Infelizmente, apesar da consciência cada vez maior sobre a importância da sustentabilidade e da necessidade de mudanças no modo de vida da sociedade, grande parte das pessoas não consegue passar isso para a prática. Contentam-se em apoiar com palavras ou aceitar pequenas mudanças, como está ocorrendo com as sacolas plásticas. Tudo isso é importante para se enfrentar os problemas ambientais, mas é necessário ter uma visão muita mais profunda para enxergar as raízes das ameaças à sustentabilidade da Terra. Elas estão ligadas essencialmente às formas de produção e de consumo sobre as quais a sociedade está estruturada. Diante delas nos sentimos impotentes. Todo o sistema econômico funciona incentivando o cidadão a comprar. Afinal, quanto mais se consumir melhor, tanto para o indivíduo como para os negócios:maior será o desenvolvimento, o nível de emprego, etc. Mas qual a necessidade real de tanto consumo? Não se trata do acesso a itens referentes à sobrevivência. Na verdade, esses são até relegados para dar lugar aos itens supérfluos ou maquiados. O mercado é então saturado de aparelhos eletrônicos, celulares e carros de todos os tipos. A cada ano recomenda-se trocar por um novo. O crédito é facilitado e os impostos reduzidos. Precisamos estar consumindo para nos sentirmos felizes e melhorar nossa qualidade de vida. Vê-se que o conceito de sustentabilidade foi bastante deturpado e assumiu uma dimensão essencialmente econômica, de sustentar o capital.Com toda a certeza não é essa a sustentabilidade que a Terra precisa. Essa é apenas a sustentabilidade das empresas, dos negócios e do desenvolvimento capitalista. Será que a humanidade alcançará a maturidade necessária para fazer uma ruptura desse modelo?

Esta é uma reflexão e um desafio que nos remete para uma dimensão mais ampla, ou seja, a da Fé. Quem pode nos inspirar é São Francisco: seu exemplo de amor a Deus, à natureza e a todas as suas criaturas expressa para nós cristãos um clamor urgente pela proteção do Planeta Terra que vive atualmente seu momento crítico. De todos os reinos o grande responsávelpor esse processo é certamente o reino humano, pois os outros estão à mercê de sua dominação gananciosa e destruidora. O desmatamento, por exemplo, mata as nascentes, seca os rios, desertifica o solo, causa a extinção dos animais e ameaça a própria agricultura.

A crise ambiental é apenas uma manifestação de outra crise muito mais grave e severa.

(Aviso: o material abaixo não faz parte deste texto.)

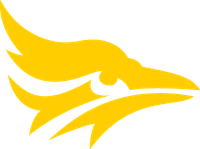 Tabor College banner logo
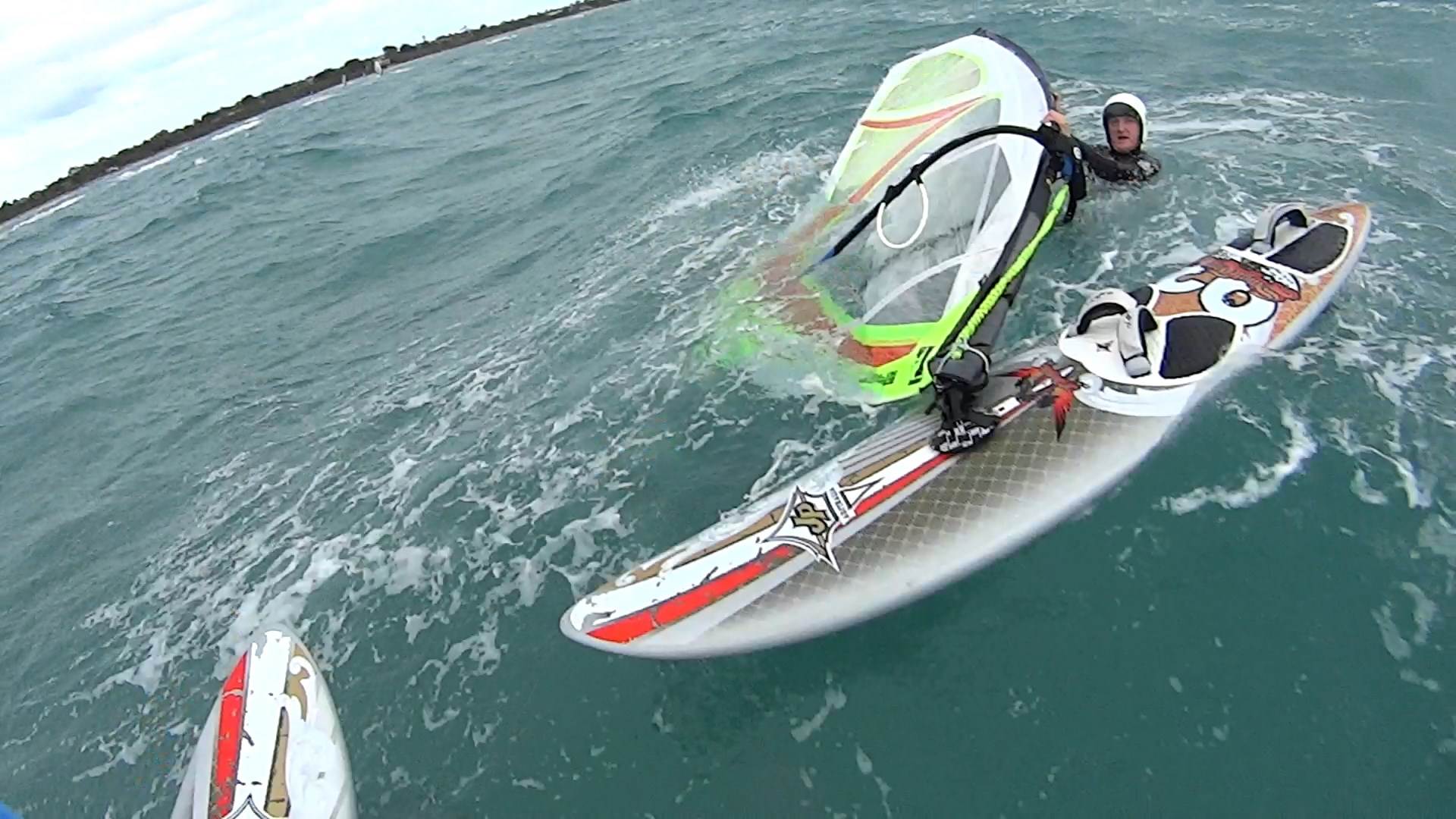 MAH00044.MP4 snapshot 18.19 [2015.05.30 20.34.36]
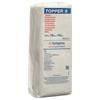 Topper-8 10x10cm unsteril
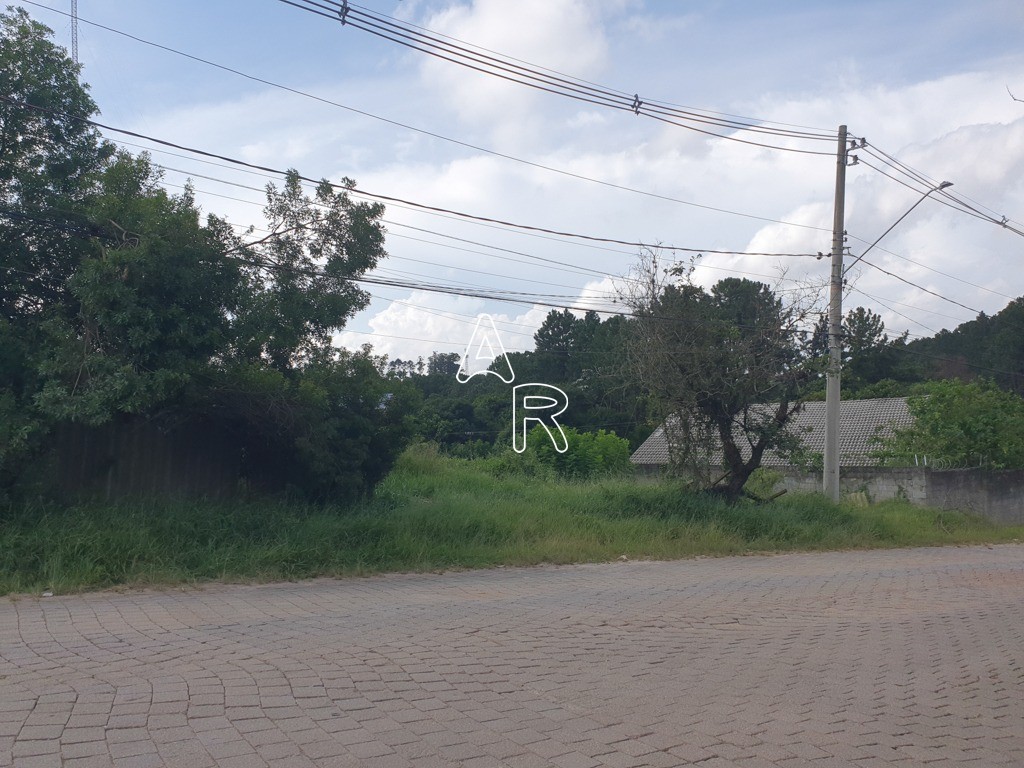 Terreno, 689 m² - Foto 12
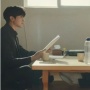 3 Restoran Ikonis di 'Doctor Slump', Jelajahi Kuliner Korea yang Autentik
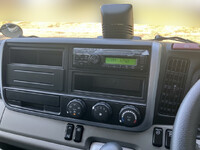 MITSUBISHI FUSO Canter Aluminum Van 2RG-FEA20 2024 622km_33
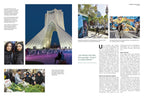 DuMont Bildatlas 205 Iran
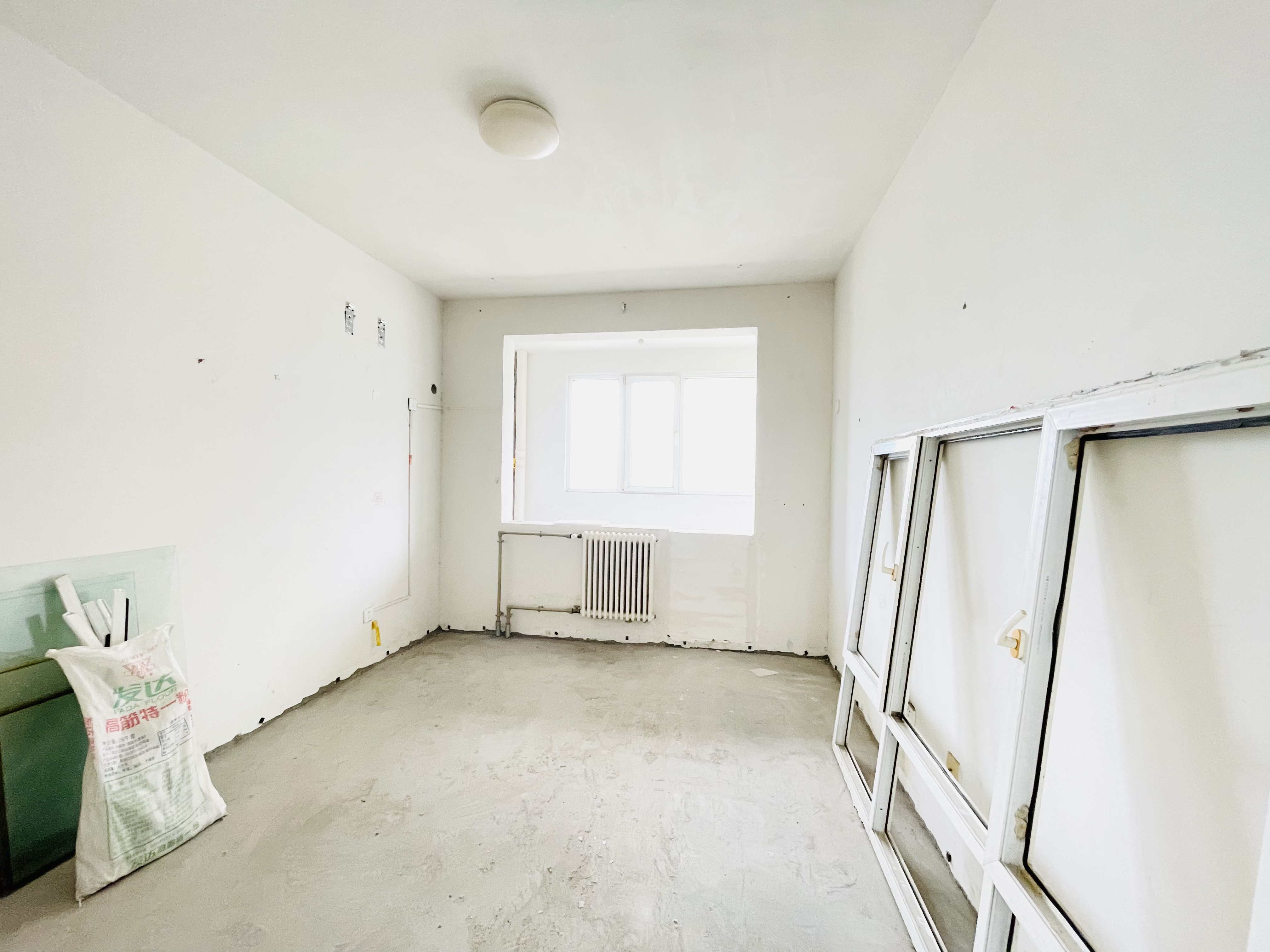 龙园小区(济高龙园)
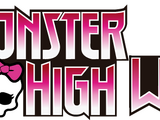 Monster High (seria)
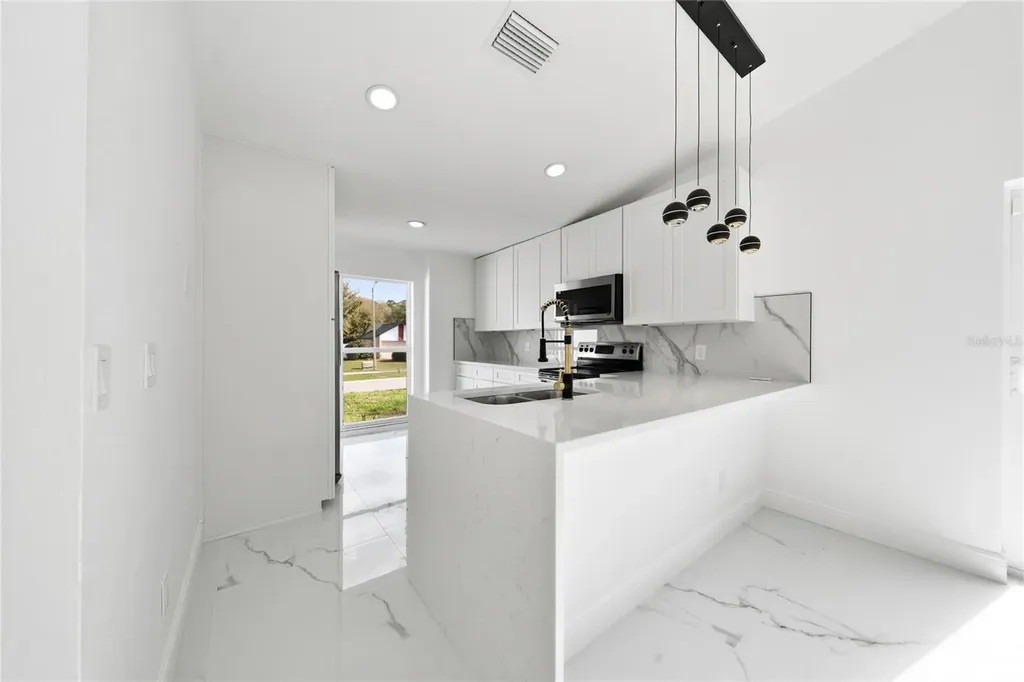 5670 Breckenridge Circle Orlando FL 32818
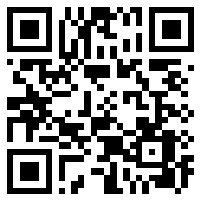 QR Code for LLDsppueiCwbt4JpXSEe9ExQkAVzAuyRFj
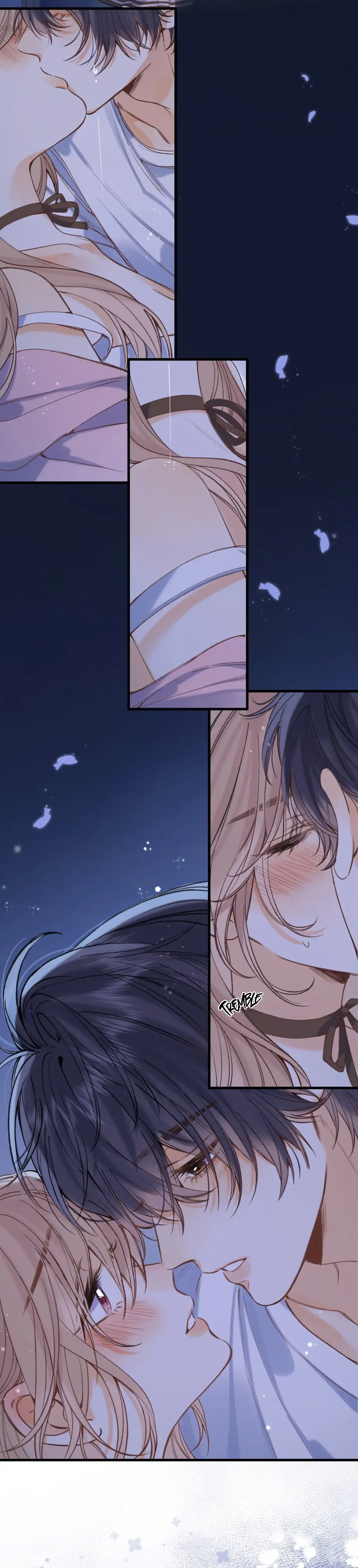 Chapter 93 - Image 3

Falamos da crise de valores ou da crise ética que assume uma dimensão dramática:egoísmo, individualismo, comodismo, ambição e poder tornaram-se as molas propulsoras de tudo. Não é de se espantar, portanto, que a corrupção no Brasil constitua um câncer virulento que atinge a política e todos os setores de atividades. Retomar os valores da cooperação, do amor, da compaixão, da dignidade, da solidariedade, da vida comunitária é sem dúvida o caminho para construir um mundo melhor de se viver. Por isso a Igreja católica, com seus presbíteros, seu laicato e suas ações pastorais, não pode deixar de lado essa missão. Fé e sustentabilidade devem ser elos fortes na vida dos cristãos para que possam compreender o milagre da Criação e testemunhar a mensagem de amor proclamada pelo Evangelho de Cristo.

Tudo que existe merece viver, pois toda a Criação é obra de Deus! Temos que mudar o nosso modo de viver, se queremos viver!